First report: More than 80% of the crates link to their public VCS

Date: 2023.07.22

In order to make it easy to contribute to an open source project, the first step is to find its public VCS (Version Control System) which is usually on GitHub nowadays. In particular this means that Rust crates should include a link to their VCS in their meta-data.

I started to write the Rust Digger on Sat Jun 17 11:08:42 2023 +0300, slightly more than a month ago. At first, as I was just started to learn Rust, it went extremely slowly, but after a few weeks it started to have some form. I even located a few crates that either linked to http://github.com (instead of https) or that they were linking to www.github.com instead of github.com. Neither are big issues, but I sent a few Pull-requests to fix these and I think most of those PRs were accepted.

This is the first report based on the data collected by the Rust Digger. Below you can find a copy of the stats page. A few highlights: We found 120,484 crates. Almost 80% of them have a link to their repository (Public version control system). An additional 3% have a value in the homepage field. In many cases that is actually the link to their repository. 17.17% of them have neither repository nor homepage. There are also 313 crates (0.26% of the total), that use an http link to their git repo. It is not a big issue, after all most likely the VCS host will redirect to the https version, but nevertheless using the https link is more correct.

Is that 80% high or low you might ask. I stats on PyDigger where only 63.49% of the Python packages have links to their VCS and that only covers the 115,321 most recently uploaded packages. For older packages it is probably lower. So 80% is much better than those for Python, but still it means for 17-20% of the crates we don't have a very easy way to find their repos.

Almost 75% of all the crates use GitHub as their repository leaving 5% for the rest of the services.
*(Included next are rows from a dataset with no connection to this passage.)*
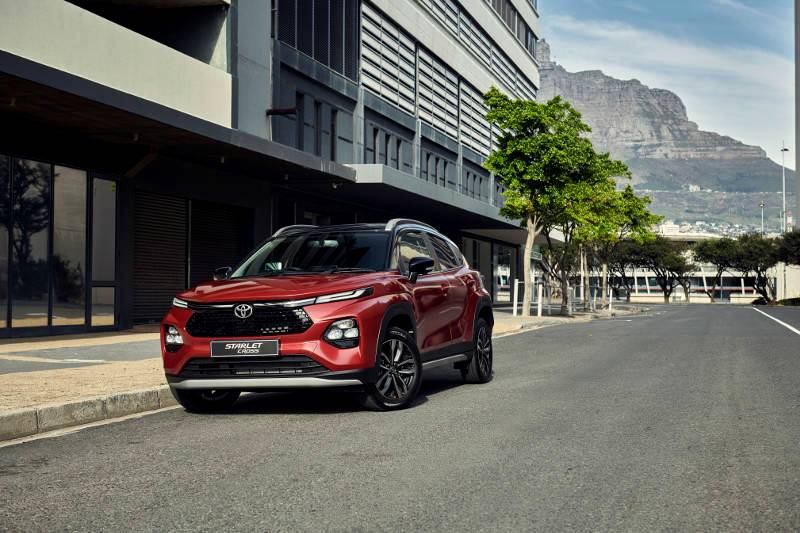 All-New Toyota Starlet Cross: Own It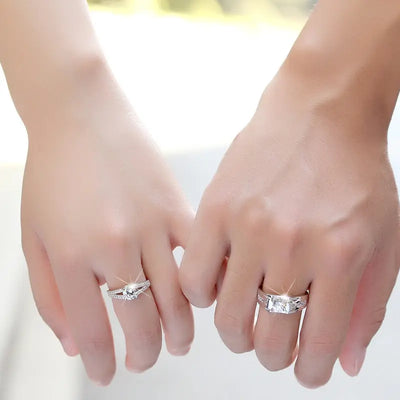 silver plated rings - RAMI ART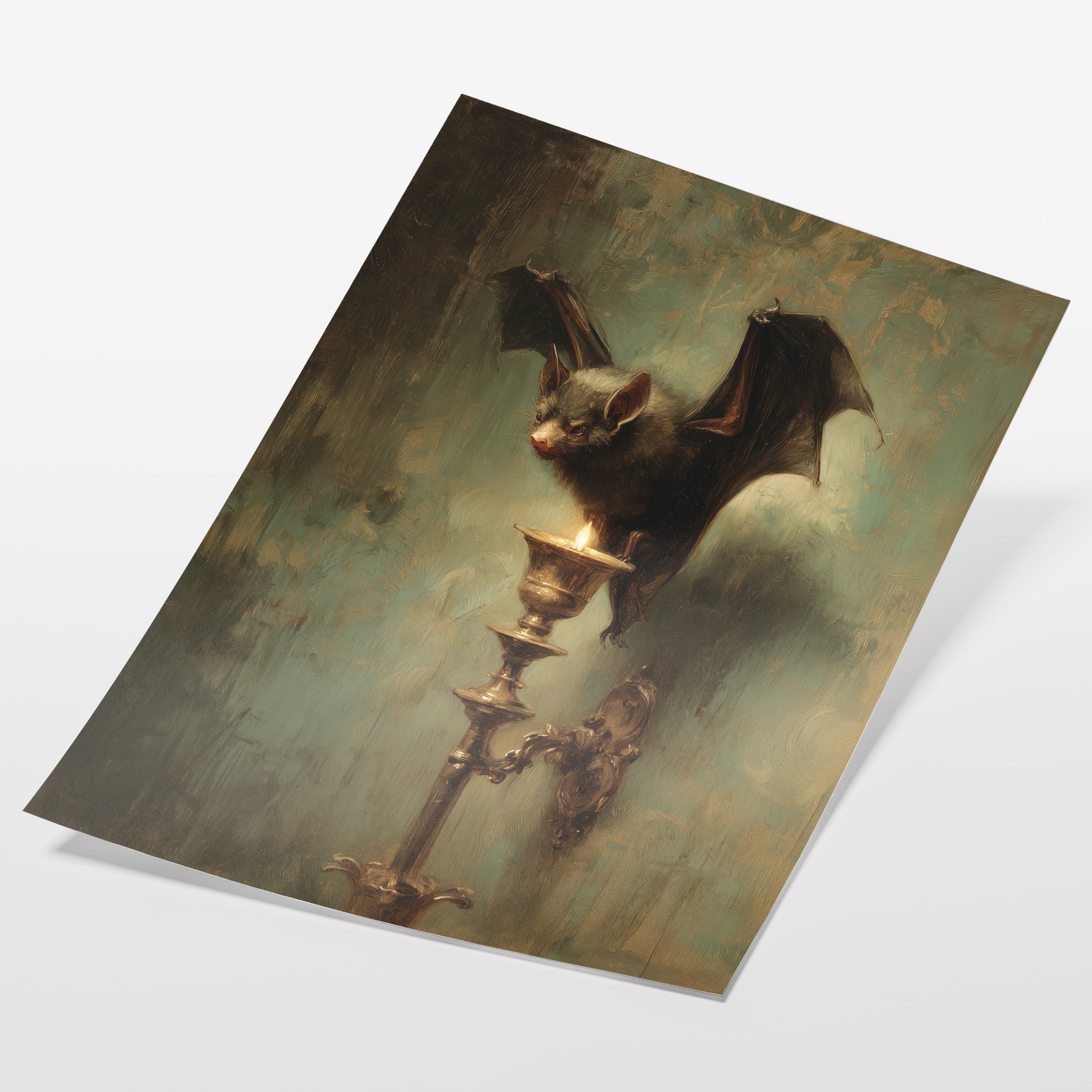 Bat on Candlestick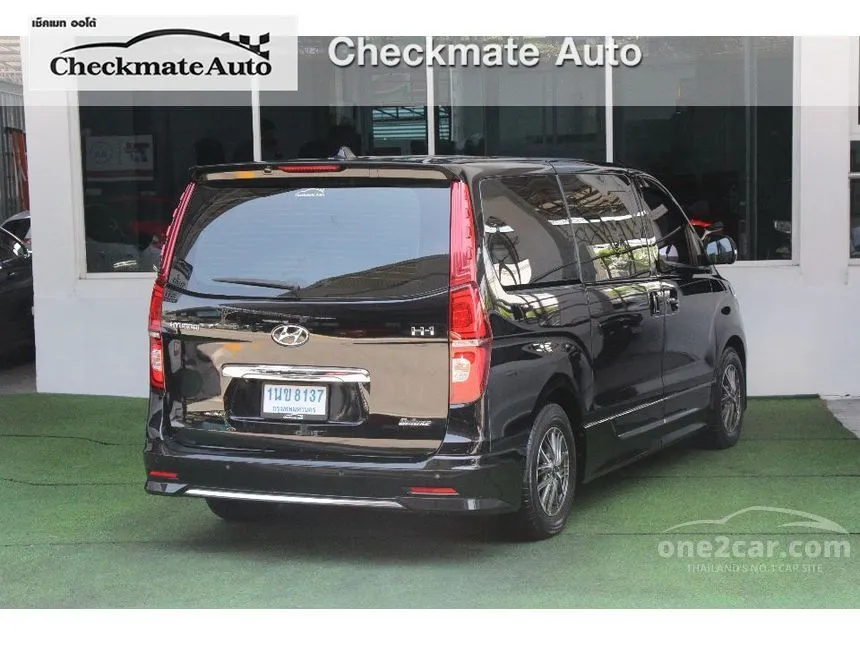 2021 Hyundai H-1 Deluxe Van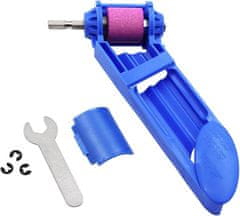 Vixson Manuálna prenosná brúska na vrtáky veľkosti od 2 do 12,5 mm (farba modrá) | SHARPDRILL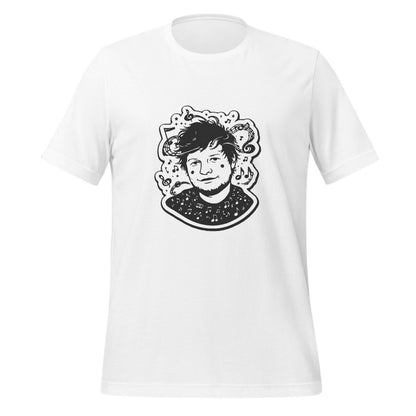 casual wear - celebrity t-shirt - illustration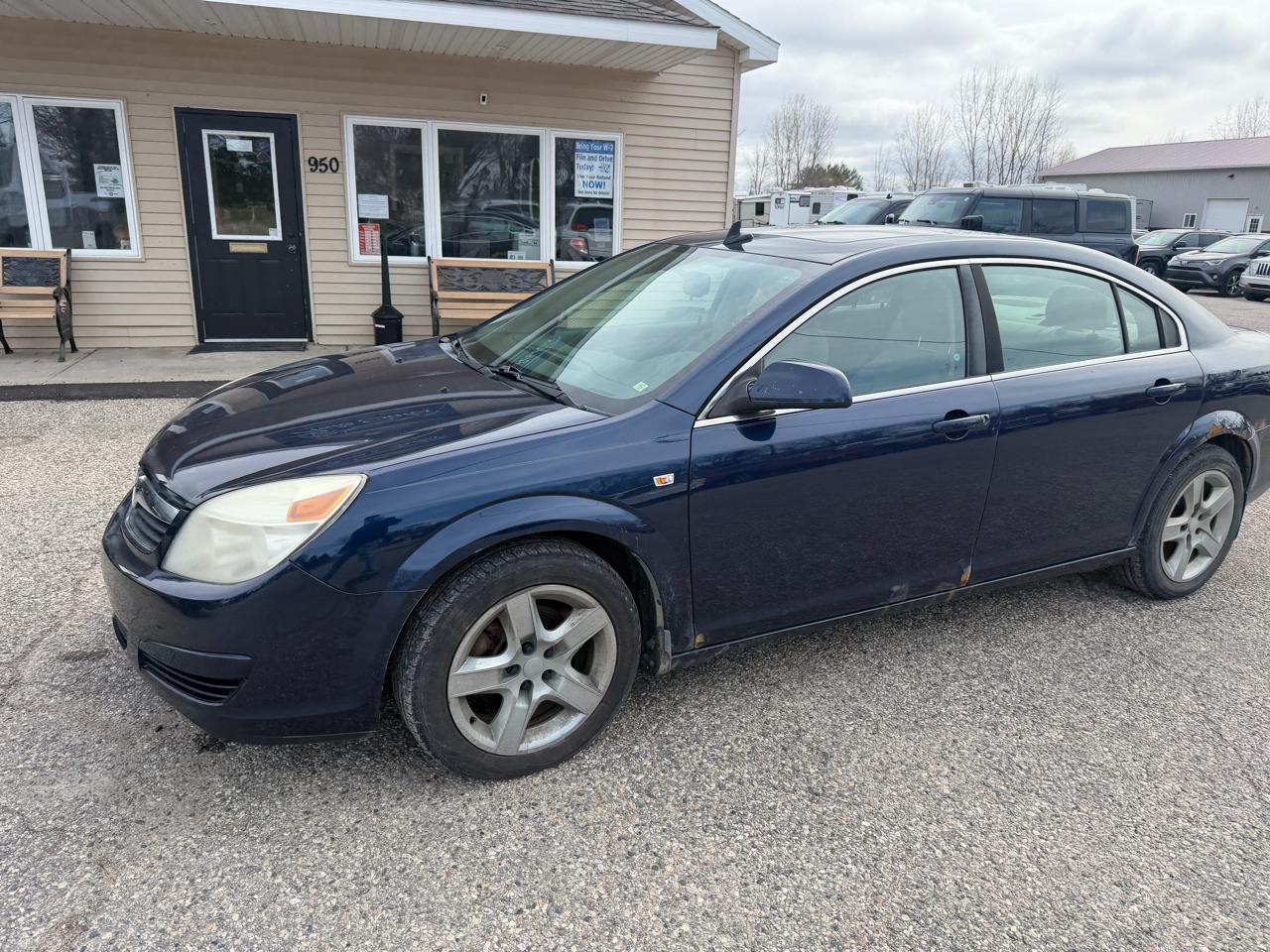 Saturn Aura 4dr Sdn I4 XE 2009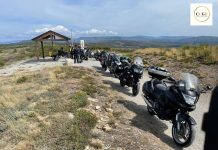 Catrocantos Galicia Riders realizara una ruta motera con salida desde Baiona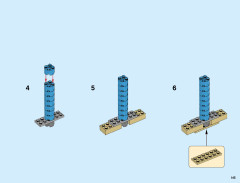 LEGO 31084 instructions page 145 – build guide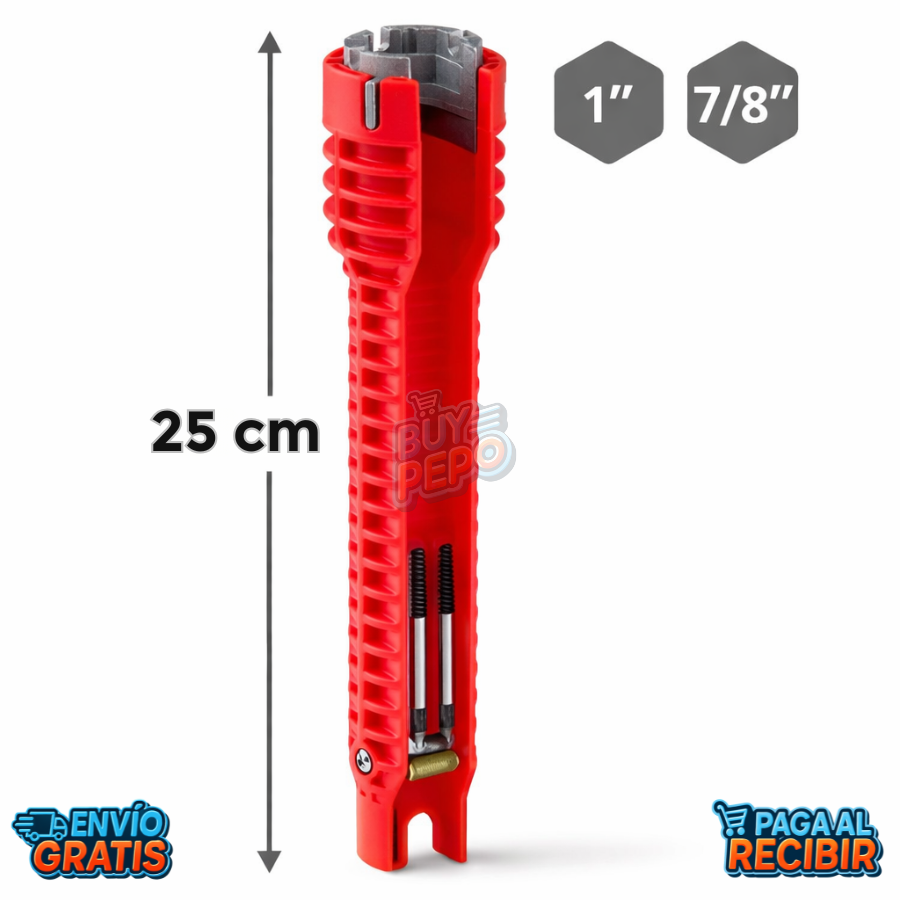 PlumbFlex™ 🔧- Llave multifuncional grifería 🚰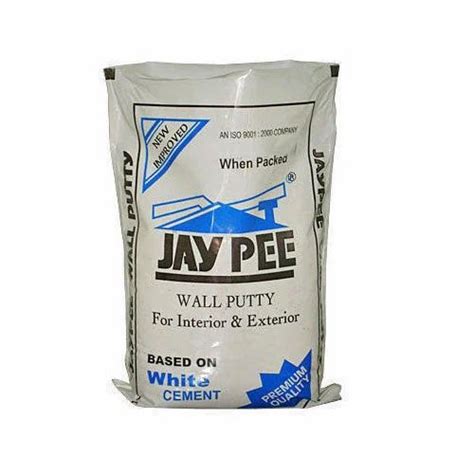 Jaypee Wall Putty Packing Size 20 Kg Packaging Type Sack Bag At Rs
GitLab has 2.68%. There are also 1,821 crates (1.51% of all the crates) where we did not categorize the repository yet. That still needs some manual work. Some of these have http link to github.com.

name value percentage
total 120,484 100%
No repository 24,173 20.06%
GitHub 90,215 74.87%
GitLab 3,230 2.68%
Codeberg 264 0.21%
Gitee 153 0.12%
Freedesktop (GitLab) 124 0.1%
Torproject (GitLab) 47 0.03%
Wikimedia (GitLab) 11 0%
e3t 12 0%
sr.ht 342 0.28%
openprivacy 5 0%
gnome (GitLab) 69 0.05%
cronce (GitLab) 18 0.01%
other 1,821 1.51%
no-repo 2,4173 20.06%
Has homepage but no repository 3,480 2.88%
No homepage and no repository 20,693 17.17%
Unsecure repo url (using http) 313 0.26%